Голоса Бестиария. Сборник рассказов
Оценить:

5

Полная версия:

Голоса Бестиария. Сборник рассказов

Его глаза ненормально расширились, потемнели. Их слишком яркое и быстрое мелькание вокруг Иры пугало до потери сознания, до гипнотического ступора кролика перед удавом. Она не могла осознать, сама ли опускается вниз, или дед становится больше, или ещё по какой причине его глаза оказались вдруг на одном уровне с её лицом.

– Хорошо, говорю? Хорошо в лесочке моём? Га?! – взревел по-медвежьи.

– Да! – пискнула Ира, падая в космическую холодную тьму.


2.

– Как бы я это сделала? Я кто, по-твоему? Лешака хозяйка? – Зоя огрызалась, не поднимая глаз на гостью. Продолжала рубить широким ножом прошлогодний каменный кочан капусты размером в две свои головы. Только угольки из печи немного освещали хозяйку и её фронт работ.

Катерина прошла в комнату, устало опустилась на лавку у окна, хоть её не приглашали. Но ведь и не гнали пока. Одним пальцем отодвинула занавеску, глянула вдаль. Там, среди леса, можно было разглядеть мелькающие фонарики и факелы. Ищут. Вся деревня ищет. И найдут конечно. Конечно. Что она забыла в хате старой ведьмы? Какой ещё лешак?
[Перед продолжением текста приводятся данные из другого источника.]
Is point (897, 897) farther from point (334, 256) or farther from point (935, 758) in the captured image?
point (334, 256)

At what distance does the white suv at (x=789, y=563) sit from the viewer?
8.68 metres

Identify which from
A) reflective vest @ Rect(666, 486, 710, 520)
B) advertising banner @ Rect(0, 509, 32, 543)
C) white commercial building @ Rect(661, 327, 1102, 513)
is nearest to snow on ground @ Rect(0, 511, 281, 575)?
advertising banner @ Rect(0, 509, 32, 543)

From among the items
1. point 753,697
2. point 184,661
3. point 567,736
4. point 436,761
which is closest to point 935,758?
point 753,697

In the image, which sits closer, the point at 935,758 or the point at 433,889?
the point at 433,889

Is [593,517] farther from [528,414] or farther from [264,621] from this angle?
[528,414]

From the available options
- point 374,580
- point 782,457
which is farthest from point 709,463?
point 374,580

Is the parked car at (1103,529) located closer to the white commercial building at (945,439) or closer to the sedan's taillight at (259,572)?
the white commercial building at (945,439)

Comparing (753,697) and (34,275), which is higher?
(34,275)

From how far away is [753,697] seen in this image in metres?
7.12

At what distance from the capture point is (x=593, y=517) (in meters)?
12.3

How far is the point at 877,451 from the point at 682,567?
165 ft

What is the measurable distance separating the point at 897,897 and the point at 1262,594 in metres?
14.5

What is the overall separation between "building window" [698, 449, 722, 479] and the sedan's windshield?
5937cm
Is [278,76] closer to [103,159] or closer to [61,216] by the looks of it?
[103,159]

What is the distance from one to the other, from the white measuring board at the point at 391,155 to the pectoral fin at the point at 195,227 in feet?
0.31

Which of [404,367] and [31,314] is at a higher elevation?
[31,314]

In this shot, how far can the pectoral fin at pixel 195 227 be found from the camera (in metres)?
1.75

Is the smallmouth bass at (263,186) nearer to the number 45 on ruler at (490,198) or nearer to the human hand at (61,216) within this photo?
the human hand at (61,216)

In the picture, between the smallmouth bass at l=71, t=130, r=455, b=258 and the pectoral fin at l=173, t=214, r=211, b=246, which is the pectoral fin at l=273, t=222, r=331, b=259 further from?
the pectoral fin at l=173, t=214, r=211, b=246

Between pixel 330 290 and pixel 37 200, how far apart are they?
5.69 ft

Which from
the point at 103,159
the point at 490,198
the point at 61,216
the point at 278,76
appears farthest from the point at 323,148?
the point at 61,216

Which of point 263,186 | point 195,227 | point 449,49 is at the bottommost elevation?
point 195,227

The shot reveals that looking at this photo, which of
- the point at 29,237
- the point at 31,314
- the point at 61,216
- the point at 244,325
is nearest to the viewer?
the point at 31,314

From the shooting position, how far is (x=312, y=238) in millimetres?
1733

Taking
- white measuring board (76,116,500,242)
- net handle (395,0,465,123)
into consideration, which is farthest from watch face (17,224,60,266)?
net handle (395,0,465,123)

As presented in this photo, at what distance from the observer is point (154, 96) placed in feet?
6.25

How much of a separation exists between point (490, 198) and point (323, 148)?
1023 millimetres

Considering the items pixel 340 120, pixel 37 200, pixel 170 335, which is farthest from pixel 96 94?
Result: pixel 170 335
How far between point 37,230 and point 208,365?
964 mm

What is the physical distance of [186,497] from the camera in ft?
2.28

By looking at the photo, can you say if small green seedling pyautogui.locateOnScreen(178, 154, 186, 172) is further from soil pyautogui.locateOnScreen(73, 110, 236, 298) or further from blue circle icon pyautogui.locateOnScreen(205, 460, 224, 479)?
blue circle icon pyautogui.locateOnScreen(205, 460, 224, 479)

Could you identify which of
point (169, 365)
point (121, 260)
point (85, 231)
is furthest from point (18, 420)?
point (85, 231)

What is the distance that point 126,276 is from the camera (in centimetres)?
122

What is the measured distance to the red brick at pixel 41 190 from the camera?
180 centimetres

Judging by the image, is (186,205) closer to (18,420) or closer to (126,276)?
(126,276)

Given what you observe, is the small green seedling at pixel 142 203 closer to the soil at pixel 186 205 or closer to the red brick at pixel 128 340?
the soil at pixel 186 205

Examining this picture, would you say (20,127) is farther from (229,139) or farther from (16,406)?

Если бы не все те случаи, когда она в соседние деревни ходила за много километров – помогать там в школах, где не хватало учителей. Те случаи, когда она не слушалась этого тянущего водоворота в солнечном сплетении – и встречала то волка, то лихого человека, то на ровном месте падала и ломалась. А как стала слушать – никого больше не встречала, не ранилась ничуть. Сворачивала, петляла, останавливалась или бежала без видимой причины – до тех пор, пока водоворот не рассасывался сам собой. Иногда от мысли одной слабел, если мысль верная. Если её послушаться. А если нет… Если думать, что Петька-троечник – парень недисциплинированный – опаздывает, и ладно. Загулялся, зашалил. Если это думать, кишки так и скручивало. А подумаешь: «Надо выйти, встретить», – отпускает немного. Выходишь – ещё легче. Идёшь всё дальше в сторону его хутора – легче и легче. А как найдёшь его в канаве, в сугробе, с вывихнутой ногой – совсем проходит. А не пошла бы? Не послушала бы глупое суеверное чувство? Так и крутило бы, пока поздно не стало.
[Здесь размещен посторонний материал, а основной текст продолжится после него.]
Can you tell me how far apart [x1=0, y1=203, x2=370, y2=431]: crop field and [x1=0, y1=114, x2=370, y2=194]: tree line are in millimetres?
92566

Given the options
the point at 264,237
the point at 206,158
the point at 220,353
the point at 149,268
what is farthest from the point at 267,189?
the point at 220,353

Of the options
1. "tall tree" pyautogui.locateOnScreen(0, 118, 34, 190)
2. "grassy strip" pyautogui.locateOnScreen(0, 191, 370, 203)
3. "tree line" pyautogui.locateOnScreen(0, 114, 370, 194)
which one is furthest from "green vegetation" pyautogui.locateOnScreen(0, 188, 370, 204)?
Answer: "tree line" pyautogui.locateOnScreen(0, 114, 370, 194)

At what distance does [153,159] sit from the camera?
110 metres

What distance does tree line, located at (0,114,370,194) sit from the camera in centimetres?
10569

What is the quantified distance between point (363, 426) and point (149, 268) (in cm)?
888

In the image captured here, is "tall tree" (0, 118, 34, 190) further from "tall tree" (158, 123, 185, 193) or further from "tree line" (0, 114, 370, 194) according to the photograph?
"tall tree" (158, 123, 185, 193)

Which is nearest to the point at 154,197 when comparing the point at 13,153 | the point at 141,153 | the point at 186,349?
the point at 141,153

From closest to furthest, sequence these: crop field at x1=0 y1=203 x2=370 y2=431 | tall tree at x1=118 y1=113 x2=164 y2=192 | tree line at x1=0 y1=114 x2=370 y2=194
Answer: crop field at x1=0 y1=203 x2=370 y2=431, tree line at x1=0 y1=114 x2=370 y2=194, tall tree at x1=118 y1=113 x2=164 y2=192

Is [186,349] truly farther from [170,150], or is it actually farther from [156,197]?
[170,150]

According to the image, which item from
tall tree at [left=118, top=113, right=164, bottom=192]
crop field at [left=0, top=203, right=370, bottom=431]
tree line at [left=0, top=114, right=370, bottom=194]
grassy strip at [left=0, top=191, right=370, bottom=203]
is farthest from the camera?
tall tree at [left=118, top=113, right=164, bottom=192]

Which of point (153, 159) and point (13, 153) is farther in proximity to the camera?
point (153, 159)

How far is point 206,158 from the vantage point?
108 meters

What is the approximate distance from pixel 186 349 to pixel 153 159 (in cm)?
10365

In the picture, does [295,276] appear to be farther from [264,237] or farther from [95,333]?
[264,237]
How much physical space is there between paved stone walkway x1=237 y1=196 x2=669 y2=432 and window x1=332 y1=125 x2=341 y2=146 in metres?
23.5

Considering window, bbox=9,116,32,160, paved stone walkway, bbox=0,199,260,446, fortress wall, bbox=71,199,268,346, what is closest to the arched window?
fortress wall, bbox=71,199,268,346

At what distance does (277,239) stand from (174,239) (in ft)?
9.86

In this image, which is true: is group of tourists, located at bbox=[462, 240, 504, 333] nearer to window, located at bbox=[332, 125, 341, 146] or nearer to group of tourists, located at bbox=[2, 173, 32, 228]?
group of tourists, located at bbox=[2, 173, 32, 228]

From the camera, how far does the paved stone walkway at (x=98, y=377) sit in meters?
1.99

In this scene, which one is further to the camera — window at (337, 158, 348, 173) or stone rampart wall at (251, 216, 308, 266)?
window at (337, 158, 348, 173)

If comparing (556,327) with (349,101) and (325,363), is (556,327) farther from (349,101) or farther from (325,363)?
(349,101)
Полночи крутило, пока по лесу бегала с другими, искала. Пока не смирилась, что водоворот одного требует: пойти к Зойке. К злыдне этой, через которую, может, и заблудилась дурёха столичная.
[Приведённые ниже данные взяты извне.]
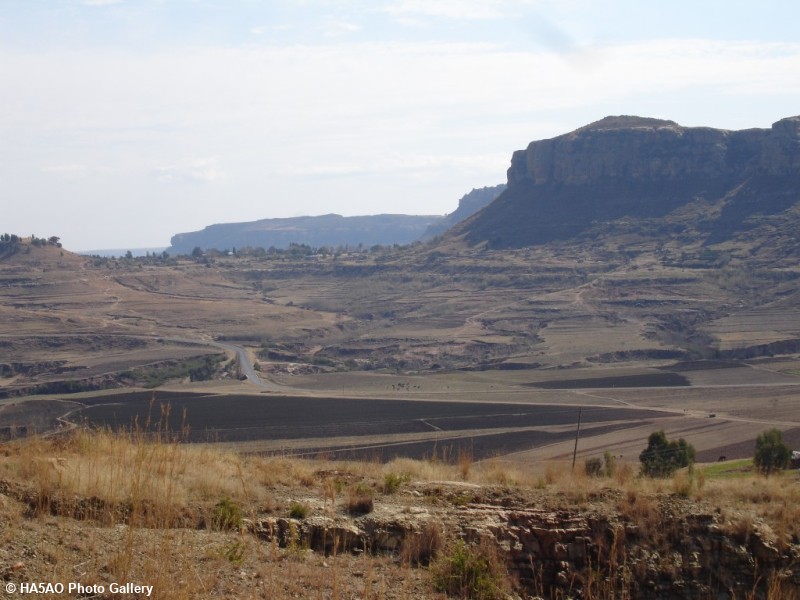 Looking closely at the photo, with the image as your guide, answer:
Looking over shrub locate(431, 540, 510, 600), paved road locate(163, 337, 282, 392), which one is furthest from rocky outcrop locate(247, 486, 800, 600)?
paved road locate(163, 337, 282, 392)

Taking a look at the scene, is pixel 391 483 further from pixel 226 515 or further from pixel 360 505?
pixel 226 515

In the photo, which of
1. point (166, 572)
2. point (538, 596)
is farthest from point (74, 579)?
point (538, 596)

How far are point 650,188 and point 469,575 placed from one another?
143305 mm

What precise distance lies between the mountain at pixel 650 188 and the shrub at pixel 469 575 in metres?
114

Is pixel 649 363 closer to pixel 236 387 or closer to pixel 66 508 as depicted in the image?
pixel 236 387

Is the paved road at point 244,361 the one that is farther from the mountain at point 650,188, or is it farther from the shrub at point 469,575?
the mountain at point 650,188

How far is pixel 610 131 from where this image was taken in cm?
15162

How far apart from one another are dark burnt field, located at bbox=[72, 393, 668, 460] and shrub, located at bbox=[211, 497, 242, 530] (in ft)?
96.9

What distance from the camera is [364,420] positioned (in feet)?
172

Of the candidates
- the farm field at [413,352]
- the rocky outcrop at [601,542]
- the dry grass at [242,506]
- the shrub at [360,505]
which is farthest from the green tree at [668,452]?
the shrub at [360,505]

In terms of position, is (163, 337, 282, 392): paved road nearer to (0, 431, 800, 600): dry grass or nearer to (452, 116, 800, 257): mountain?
(0, 431, 800, 600): dry grass

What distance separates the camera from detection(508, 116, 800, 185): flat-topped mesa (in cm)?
13575

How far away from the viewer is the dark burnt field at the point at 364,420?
43.1 m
Как это – через неё? Сглаз? Колдовство? У Катерины от одних мыслей щёки со стыда вспыхивали.

И всё-таки… Как сейчас, в этой хате, под грудью полегчало. Как задышалось свободнее.

– Зоюшка…

– Вона как! Зо-оюшка!

Катерина прикрыла глаза. Стыдно. Ещё бы не стыдно! Подлизываться, врать. Надеяться на мракобесие. А что делать-то?

Когда отец ушёл, так же крутило в пузе. Она ничего не сделала. Он не вернулся. Когда мужа на скорой увезли…

– Зоюшка. Христом-Богом…

– Вона как! – ведьма уронила нож в капусту, притворно-испуганно всплеснула руками. – Христом-то, батюшкой! Богом-то! Черти тебя подменили, Катюш!

– Ну прости, Зоя! Что ты хочешь услышать?! Что мне сделать? В ножки тебе упасть, такое ты любишь? – не выдержала гостья, ударила кулаком по подоконнику. – Ты любишь, я помню! Чтобы просители лбами об пол стучали, как перед попом, и тряслись со страху! Чтобы перед тобой как черви ползали! Ну, хочешь – поползу? Ты скажи – я поползу! Мне на себя, старую, плевать. Но сын без неё зачахнет, без дуры этой! А внук? Куда такому маленькому без матери? Есть у тебя сердце, Зоя? Чего ты хочешь? Ну, говори!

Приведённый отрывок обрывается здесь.